Portrait by Venture Photography, Greenwich, CT

There’s something very special about sleepovers on sailboats—lying there in your bunk, securely at anchor, gently rocking on the water, listening to the tinkle of the shrouds tapping against the mast, the moan of a distant foghorn. The world is at peace—even the seagulls.

But it isn’t always that way. There are things like mosquitos, downpours and the grinding of the water pump when somebody gets thirsty in the night. Plus, the unexpected.

On one Block Island Race Week Barbara King and I got scant shuteye in the bow of the Kings’ 36-foot sloop Andale. She was tied to the dock—the first in a raft of five, with the fifth boat hosting a raucous all-nighter. That meant all the party-lovers coming and going stomped across the deck right over our heads. Meanwhile, our four heroes in the main cabin, fueled by Mount Gay, lay flat on their backs, snoring up a cacophony fit for Guinness World Records.

Then there was the New York Yacht Club Cruise out of Newport one steamy August.

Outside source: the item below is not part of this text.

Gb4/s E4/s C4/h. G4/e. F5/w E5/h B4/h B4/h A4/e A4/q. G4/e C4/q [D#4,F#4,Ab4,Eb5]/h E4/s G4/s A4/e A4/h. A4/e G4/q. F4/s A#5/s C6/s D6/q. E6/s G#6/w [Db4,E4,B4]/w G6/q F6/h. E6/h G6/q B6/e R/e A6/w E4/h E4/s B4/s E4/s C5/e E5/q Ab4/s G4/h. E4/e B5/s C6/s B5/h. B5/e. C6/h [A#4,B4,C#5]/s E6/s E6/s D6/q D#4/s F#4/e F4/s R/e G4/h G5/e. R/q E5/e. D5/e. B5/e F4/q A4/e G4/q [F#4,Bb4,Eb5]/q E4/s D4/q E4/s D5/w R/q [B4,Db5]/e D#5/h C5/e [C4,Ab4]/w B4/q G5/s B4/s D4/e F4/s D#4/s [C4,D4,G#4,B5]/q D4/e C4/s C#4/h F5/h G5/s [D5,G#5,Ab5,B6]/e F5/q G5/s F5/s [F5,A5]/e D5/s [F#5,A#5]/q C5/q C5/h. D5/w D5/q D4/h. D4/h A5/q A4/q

We were on Newbold Smith’s Reindeer just back from sailing closer to the North Pole since Eric the Red and still heretically sealed. Man, was it ever hot below. What’s more, I was assigned an upper bunk in the main cabin that was so shallow I couldn’t roll over. I had to slide out of it sideways and, without stepping on the head of the guy on the bunk below, slide back into it sunny-side-up or down.

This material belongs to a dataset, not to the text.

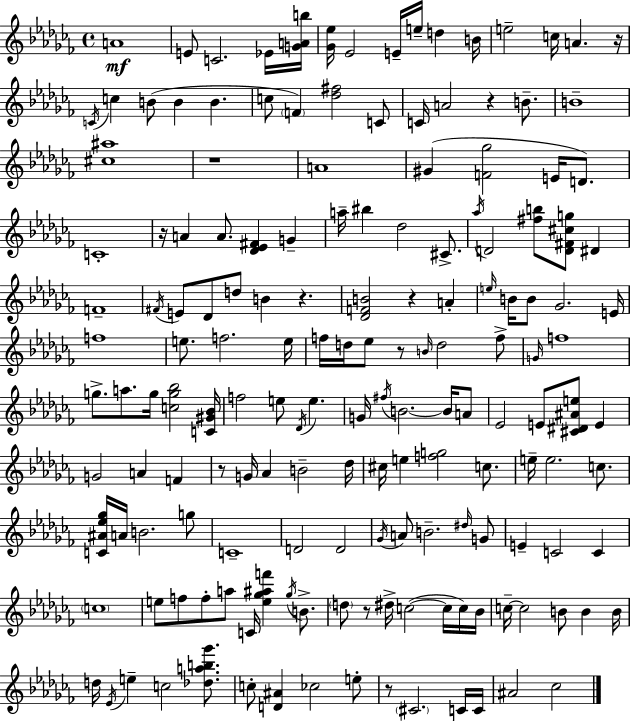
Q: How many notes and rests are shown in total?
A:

Another time we were docked in Northeast Harbor, Maine, and in the middle of the night Joe (name changed), full of schnapps, decided to take the boat for a sail, climbed into the cockpit and turned on the engine. The skipper shot out of his bunk and ordered him back to bed. Then Joe decided to go fishing. I heard him on deck, and in loud whispers from my distant berth in the fo’c’sle talked him down the ladder, and he collapsed on a bottom bunk. But at breakfast time when his wife told him to get up because we needed to sit there, he didn’t have any pants on. His pajama bottoms had gotten wet, and he’d left them on the dock. Hopelessly myopic without my glasses, I’d been conversing all that time with a nude man and didn’t know it.

Then we borrowed Bill King’s new boat Greyling for a cruise up the Sound with Tommye and Jack Toner as crew. First stop: Mattituck—a beautiful harbor in Long Island. Peaceful, that is until midnight, when my Jack was shaken awake by Mr. Toner asking: “Skipper, Skipper, should we be surrounded by grass?!” We were aground at dead high tide. We sat on the rail in our night-shirts trying to level the boat, but finally it was tilting over so far that you couldn’t lie down (you’d roll out of your bunk) and couldn’t sit on the horizontal head.

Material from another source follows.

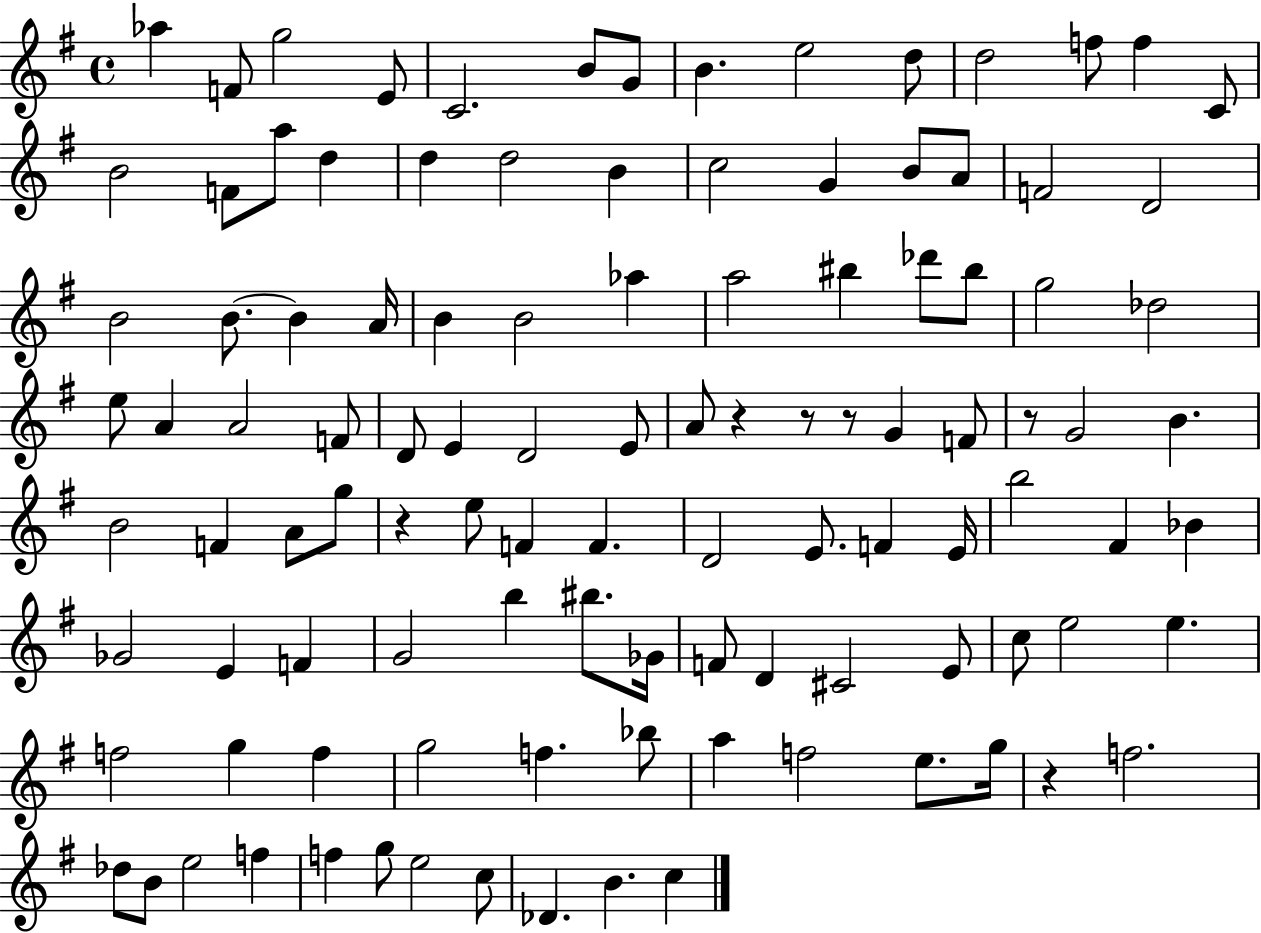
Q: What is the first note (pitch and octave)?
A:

By 5:30 a.m. we were knocking on the door of the nearest house, which was opened by a retired Navy captain in his bathrobe booming, “Well, what do you know? The first of the season!” He and his wife cooked us pancakes then brought their folding chairs down to the beach so they could chat with us back on board while a work boat pulled us out of the mud.

We made a pact to keep all this a secret. But when we got home and Captain King asked Jack where we’d gone on the cruise, he said: “Well, first stop was Mattituck.” “Mattituck!” Bill replied. “I’ve never gone in there. Afraid I’d get hung up in the weeds!” Yup.

Hmm. Sometimes dry land looks pretty good. Sometimes not. But then, what’s life without adventures?